● **Assignment**
Please copy out every line in the entries that includes the word "view".
[[ Listed entries open ]]
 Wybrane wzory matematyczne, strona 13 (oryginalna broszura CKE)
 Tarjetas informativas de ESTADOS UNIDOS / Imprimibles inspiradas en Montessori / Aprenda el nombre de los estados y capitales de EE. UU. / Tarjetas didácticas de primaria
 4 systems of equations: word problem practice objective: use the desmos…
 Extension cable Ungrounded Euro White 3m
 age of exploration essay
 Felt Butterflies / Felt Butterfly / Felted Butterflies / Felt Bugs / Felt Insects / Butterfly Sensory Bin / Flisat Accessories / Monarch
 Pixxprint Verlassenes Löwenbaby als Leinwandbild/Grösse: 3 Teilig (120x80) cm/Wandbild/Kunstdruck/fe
[[ Listed entries closed ]]
[[ Listed entries open ]]
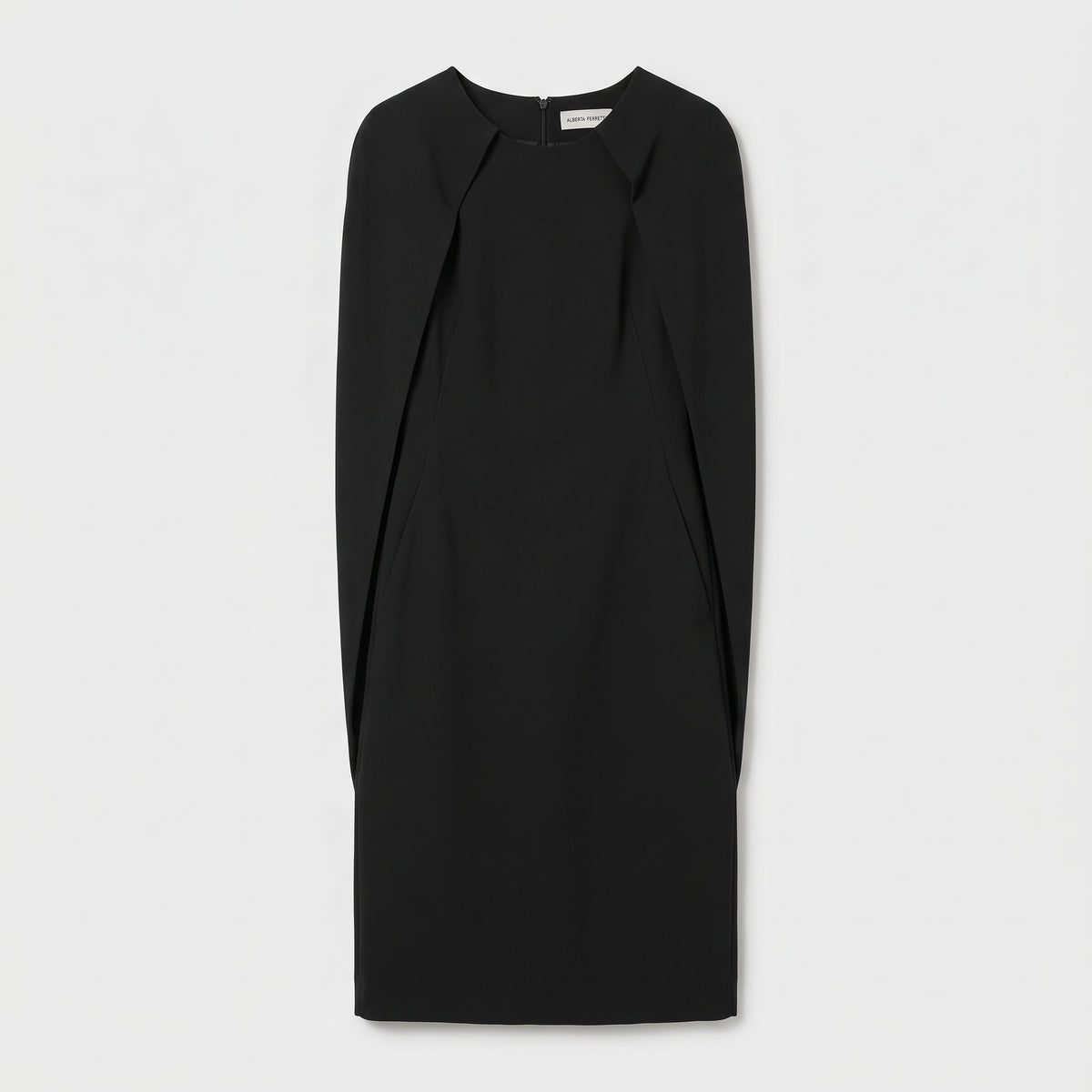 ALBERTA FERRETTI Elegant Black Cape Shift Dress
[[ Listed entries closed ]]
[[ Listed entries open ]]
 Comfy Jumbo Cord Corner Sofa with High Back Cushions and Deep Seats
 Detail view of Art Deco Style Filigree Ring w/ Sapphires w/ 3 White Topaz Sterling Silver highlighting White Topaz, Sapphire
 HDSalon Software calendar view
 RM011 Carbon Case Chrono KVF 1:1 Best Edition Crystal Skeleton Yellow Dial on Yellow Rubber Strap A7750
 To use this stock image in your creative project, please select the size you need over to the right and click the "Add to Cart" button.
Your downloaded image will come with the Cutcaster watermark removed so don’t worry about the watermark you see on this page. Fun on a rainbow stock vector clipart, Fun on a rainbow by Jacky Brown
[[ Listed entries closed ]]
● **Answer to the exercise**
 Detail view of Art Deco Style Filigree Ring w/ Sapphires w/ 3 White Topaz Sterling Silver highlighting White Topaz, Sapphire
 HDSalon Software calendar view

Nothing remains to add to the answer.